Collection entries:
--------------------------------------------------

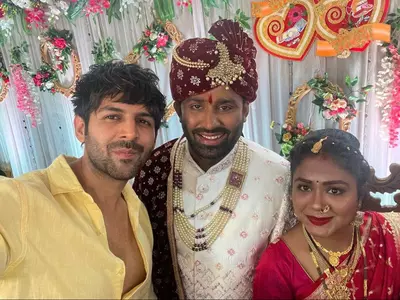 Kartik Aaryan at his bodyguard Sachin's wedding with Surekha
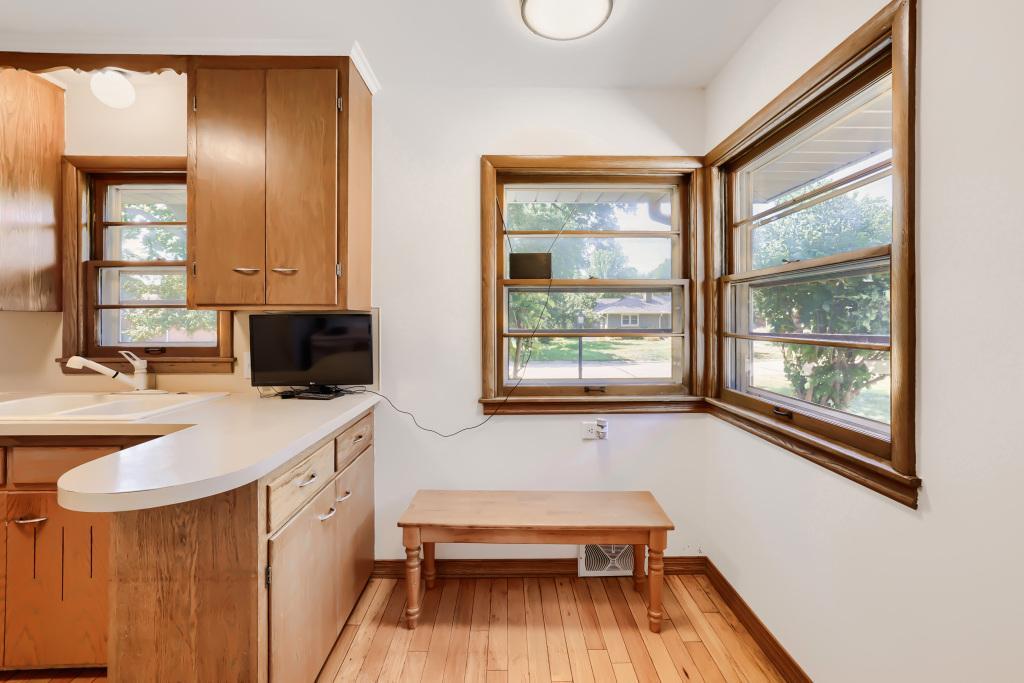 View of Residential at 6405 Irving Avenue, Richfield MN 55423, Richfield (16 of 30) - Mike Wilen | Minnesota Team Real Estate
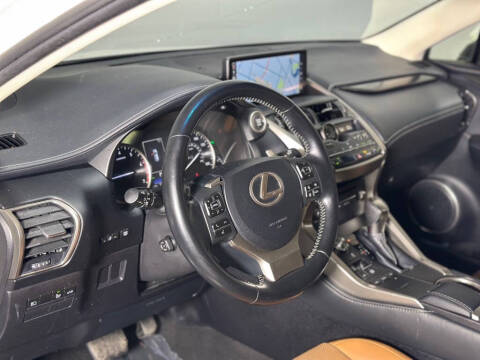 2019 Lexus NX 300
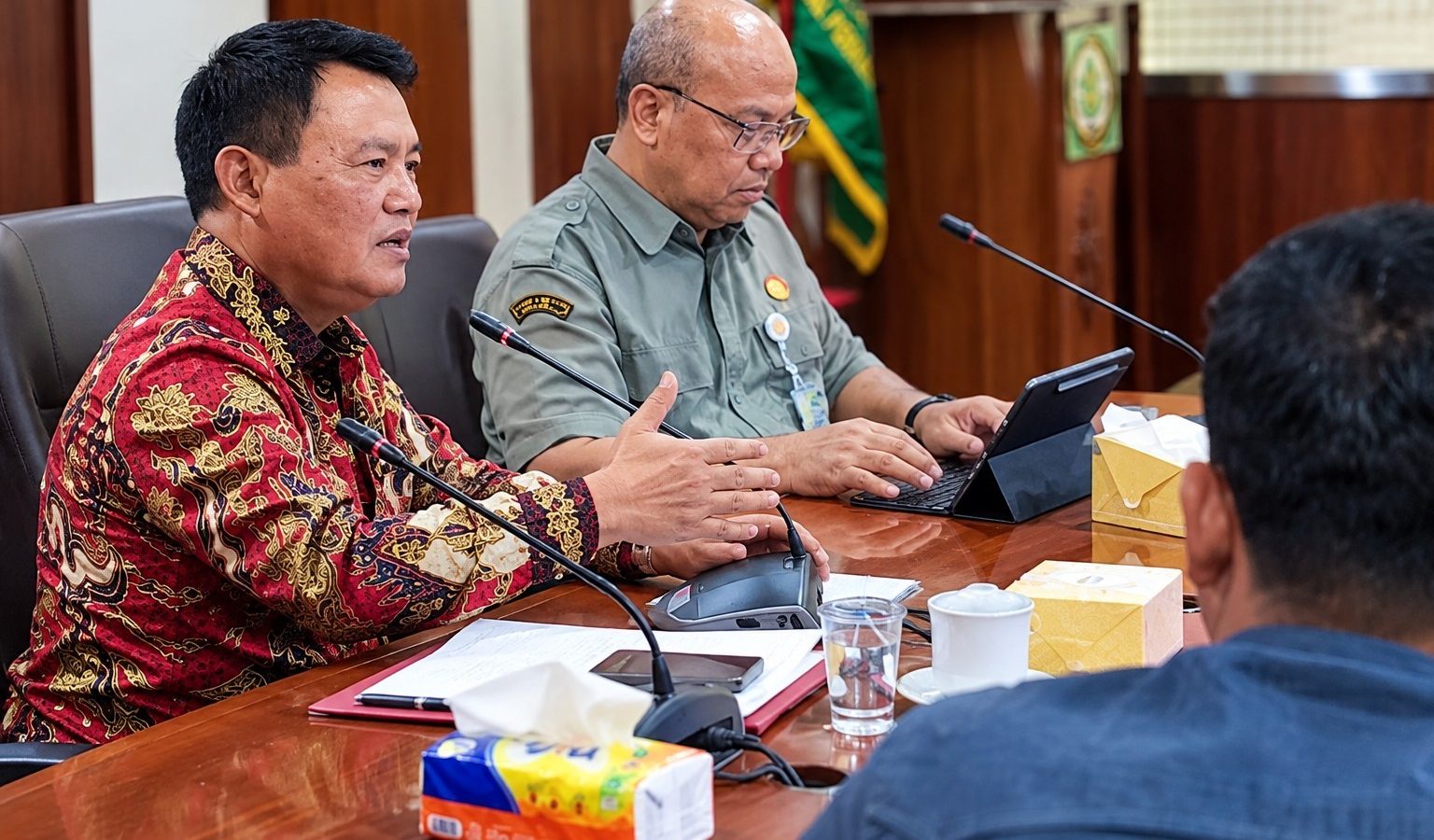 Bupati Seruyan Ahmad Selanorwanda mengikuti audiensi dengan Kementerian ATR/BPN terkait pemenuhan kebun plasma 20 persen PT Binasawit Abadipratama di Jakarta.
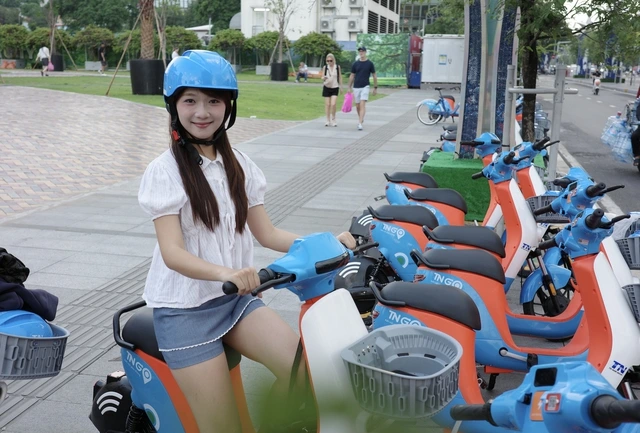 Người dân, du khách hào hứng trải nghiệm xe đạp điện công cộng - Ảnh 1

--------------------------------------------------

What you will do: Drop the images; copy every entry above exactly.

Task solution:
 Kartik Aaryan at his bodyguard Sachin's wedding with Surekha
 View of Residential at 6405 Irving Avenue, Richfield MN 55423, Richfield (16 of 30) - Mike Wilen | Minnesota Team Real Estate
 2019 Lexus NX 300
 Bupati Seruyan Ahmad Selanorwanda mengikuti audiensi dengan Kementerian ATR/BPN terkait pemenuhan kebun plasma 20 persen PT Binasawit Abadipratama di Jakarta.
 Người dân, du khách hào hứng trải nghiệm xe đạp điện công cộng - Ảnh 1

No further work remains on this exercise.